D: Yeah, they appointed a solicitor for the children. She said I was being violent towards my children, I was molesting my children, doing all these bad things to my children, and I didn’t even know I was being accused of doing this…
T: Remembering that this is… that this will never have your name attached: have you?
T: That’s a difficult question to ask, and a very difficult question to answer, I’d remind you: so in what ways have you been violent to your children – verbally, physically, and in any other way?
D: I have been verbally violent towards my children in the marriage, with my first wife, because a lot of what I had to swallow with her as my wife affected everyone in the family.
T: Yes. So I’m just asking: what did you do? You said you were verbally violent.
D: I would sometimes yell at my children, in a way that wasn’t appropriate… um…
T: What had they done, that you then yelled about? What, if anything, did they do before you yelled at them?

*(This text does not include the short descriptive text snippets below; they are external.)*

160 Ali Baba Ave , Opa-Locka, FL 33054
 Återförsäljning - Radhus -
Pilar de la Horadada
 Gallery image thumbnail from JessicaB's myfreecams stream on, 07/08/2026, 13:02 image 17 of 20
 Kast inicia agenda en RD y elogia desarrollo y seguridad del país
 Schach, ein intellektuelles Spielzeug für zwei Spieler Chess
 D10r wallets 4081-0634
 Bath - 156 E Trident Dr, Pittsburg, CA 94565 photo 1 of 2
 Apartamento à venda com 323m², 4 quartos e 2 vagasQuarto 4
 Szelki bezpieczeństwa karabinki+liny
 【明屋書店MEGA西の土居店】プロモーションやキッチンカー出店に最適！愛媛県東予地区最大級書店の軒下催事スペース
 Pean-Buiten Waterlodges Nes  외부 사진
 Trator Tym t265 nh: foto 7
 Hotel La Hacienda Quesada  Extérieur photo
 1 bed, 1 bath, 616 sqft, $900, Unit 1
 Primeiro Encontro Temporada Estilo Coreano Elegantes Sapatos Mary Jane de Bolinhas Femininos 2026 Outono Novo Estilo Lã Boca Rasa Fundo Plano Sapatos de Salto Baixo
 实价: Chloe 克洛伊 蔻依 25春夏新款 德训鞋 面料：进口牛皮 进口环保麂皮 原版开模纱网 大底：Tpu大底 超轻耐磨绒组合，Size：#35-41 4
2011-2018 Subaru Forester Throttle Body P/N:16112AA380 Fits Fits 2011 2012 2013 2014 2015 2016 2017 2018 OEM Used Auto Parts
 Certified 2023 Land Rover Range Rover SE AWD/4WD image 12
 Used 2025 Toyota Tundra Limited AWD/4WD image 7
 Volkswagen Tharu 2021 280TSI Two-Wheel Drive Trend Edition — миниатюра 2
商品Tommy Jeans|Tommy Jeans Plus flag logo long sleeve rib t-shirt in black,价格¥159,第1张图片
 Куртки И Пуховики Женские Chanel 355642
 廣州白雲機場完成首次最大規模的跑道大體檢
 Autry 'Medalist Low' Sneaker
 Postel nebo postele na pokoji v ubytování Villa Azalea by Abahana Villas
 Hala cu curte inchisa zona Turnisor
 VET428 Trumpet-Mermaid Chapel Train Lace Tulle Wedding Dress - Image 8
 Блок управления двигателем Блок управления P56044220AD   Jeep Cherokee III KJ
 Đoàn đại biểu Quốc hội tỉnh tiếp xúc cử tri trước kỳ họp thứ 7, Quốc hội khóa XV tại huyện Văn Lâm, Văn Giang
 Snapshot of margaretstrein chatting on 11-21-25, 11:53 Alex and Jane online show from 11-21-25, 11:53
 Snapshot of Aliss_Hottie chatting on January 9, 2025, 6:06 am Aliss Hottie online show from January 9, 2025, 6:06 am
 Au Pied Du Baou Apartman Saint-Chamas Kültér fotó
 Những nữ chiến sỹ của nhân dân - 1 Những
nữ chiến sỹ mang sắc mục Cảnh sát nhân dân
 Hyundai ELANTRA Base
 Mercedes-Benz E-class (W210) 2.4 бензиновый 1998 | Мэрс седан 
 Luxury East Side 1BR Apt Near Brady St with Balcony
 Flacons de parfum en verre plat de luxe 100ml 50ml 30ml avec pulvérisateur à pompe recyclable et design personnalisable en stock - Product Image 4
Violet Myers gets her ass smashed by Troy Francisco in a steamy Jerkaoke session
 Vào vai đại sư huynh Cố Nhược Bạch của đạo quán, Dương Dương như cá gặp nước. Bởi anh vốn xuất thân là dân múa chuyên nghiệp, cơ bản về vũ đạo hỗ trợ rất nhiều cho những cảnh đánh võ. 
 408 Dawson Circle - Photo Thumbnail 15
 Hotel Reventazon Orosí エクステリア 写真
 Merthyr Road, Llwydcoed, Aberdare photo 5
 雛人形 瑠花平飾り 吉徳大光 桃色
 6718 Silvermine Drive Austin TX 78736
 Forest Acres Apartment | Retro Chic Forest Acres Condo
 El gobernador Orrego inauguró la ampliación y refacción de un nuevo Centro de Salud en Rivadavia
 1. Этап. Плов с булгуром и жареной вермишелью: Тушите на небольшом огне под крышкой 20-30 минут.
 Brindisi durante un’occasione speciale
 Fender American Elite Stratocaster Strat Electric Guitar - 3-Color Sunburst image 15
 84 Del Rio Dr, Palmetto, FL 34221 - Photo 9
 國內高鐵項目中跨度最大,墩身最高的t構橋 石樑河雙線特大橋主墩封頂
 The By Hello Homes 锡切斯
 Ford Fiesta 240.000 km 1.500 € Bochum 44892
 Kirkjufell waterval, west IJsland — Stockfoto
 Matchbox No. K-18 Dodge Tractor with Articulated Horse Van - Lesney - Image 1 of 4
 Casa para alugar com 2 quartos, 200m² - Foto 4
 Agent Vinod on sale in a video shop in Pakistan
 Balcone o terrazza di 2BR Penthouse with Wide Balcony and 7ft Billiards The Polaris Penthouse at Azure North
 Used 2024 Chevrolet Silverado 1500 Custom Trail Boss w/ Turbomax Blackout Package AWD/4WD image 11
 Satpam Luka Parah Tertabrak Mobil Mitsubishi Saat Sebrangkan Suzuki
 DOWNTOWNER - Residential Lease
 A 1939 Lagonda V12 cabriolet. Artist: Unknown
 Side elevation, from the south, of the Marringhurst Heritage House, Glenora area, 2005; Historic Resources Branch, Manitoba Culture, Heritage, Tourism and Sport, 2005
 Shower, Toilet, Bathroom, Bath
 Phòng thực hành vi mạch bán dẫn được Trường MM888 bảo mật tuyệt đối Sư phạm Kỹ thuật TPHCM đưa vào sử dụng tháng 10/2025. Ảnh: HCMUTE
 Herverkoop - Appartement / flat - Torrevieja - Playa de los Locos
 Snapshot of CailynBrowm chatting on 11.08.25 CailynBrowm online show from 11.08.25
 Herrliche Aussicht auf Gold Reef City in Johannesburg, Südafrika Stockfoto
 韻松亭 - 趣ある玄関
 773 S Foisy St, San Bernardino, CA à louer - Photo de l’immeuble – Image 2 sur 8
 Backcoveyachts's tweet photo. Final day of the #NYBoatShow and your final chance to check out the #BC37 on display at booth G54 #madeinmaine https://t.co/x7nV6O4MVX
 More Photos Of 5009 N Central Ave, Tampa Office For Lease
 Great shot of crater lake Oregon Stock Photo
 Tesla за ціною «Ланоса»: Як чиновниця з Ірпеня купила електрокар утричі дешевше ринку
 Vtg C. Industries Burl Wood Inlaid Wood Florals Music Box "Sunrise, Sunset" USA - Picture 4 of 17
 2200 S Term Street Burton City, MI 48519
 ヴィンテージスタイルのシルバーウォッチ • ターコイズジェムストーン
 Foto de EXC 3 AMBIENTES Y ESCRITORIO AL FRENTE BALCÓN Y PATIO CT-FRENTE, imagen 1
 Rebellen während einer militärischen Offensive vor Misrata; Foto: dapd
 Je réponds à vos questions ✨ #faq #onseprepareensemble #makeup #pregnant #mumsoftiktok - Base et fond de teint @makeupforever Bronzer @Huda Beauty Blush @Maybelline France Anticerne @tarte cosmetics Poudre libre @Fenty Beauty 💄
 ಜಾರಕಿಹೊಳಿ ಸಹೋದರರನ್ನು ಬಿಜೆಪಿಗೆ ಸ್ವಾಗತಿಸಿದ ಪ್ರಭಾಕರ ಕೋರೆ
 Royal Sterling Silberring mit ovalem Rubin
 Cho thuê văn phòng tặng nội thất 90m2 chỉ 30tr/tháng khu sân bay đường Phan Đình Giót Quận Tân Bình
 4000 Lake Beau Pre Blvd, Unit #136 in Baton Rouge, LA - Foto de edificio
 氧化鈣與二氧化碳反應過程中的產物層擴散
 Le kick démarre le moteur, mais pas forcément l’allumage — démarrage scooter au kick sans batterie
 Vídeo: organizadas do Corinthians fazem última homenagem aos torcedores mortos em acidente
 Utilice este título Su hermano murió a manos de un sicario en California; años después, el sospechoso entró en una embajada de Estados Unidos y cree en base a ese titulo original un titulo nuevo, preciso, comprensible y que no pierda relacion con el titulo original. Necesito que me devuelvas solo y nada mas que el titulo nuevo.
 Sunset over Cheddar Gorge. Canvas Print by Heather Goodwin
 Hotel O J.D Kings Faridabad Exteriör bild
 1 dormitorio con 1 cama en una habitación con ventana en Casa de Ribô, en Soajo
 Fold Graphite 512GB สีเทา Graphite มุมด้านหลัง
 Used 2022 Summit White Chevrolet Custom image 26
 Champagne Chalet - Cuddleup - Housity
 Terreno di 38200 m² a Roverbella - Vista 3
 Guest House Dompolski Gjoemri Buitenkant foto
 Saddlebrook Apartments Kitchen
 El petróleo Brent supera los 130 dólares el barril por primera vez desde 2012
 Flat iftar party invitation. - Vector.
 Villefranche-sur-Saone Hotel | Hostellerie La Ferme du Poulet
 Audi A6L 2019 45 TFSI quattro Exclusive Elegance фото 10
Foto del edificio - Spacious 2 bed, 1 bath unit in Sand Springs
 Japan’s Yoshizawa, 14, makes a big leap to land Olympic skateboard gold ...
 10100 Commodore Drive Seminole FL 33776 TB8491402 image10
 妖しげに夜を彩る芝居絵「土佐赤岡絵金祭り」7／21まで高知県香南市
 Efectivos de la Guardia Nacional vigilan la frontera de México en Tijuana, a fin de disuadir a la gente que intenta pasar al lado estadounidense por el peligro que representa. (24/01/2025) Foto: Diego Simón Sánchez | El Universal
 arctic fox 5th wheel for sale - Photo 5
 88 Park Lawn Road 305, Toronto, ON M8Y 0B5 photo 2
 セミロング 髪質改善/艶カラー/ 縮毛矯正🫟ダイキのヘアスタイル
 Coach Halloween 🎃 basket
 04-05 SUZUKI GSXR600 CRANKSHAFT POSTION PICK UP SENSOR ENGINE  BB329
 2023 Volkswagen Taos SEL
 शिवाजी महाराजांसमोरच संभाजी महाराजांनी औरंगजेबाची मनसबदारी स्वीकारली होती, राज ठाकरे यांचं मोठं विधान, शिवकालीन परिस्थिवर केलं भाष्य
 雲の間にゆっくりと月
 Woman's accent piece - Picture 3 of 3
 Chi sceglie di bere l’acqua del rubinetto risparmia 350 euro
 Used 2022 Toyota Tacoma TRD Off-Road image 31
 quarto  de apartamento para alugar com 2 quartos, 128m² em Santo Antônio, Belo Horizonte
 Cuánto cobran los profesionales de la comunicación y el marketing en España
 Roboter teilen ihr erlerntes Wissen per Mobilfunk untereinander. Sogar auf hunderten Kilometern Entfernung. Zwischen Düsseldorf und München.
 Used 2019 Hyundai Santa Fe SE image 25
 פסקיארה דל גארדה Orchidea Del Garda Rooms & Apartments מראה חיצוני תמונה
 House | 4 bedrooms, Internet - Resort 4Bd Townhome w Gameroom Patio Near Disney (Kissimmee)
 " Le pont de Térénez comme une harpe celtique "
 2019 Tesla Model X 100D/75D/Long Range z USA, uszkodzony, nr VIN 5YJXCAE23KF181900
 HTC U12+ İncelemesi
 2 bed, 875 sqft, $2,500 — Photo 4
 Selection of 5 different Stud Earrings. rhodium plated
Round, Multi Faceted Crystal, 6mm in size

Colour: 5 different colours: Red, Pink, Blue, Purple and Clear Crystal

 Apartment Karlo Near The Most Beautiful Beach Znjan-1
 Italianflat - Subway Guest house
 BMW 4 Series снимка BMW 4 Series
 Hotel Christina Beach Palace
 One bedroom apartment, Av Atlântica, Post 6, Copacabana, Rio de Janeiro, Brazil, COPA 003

D: They might have spilt a drink over, knocked a drink over at the dinner table, during meal… Just little things, you know, things that really aren’t worth being upset over.
T: What did you do under that circumstance? You yelled?
D: I might have called them a little shit, a little pig, or something, raised my voice to ’em…
T: What about physical violence, for example slapping a child, because it’s misbehaving?
D: I’d smack ’em round the bum with an open hand a lot of times. Not, like, continuously over one episode, they might get one or two smacks on the bum, like the times they had nappies on, so they’re at the younger age, just the shock of it more than anything else, rather than… that it didn’t even mark ’em. But there was an incident where my son had his fourth birthday and we bought him a little two-wheel BMX bike. And my wife had this obscenity [obsession?] for spitting and polishing everything in the house before she went to bed, so everything had to be crystal clean.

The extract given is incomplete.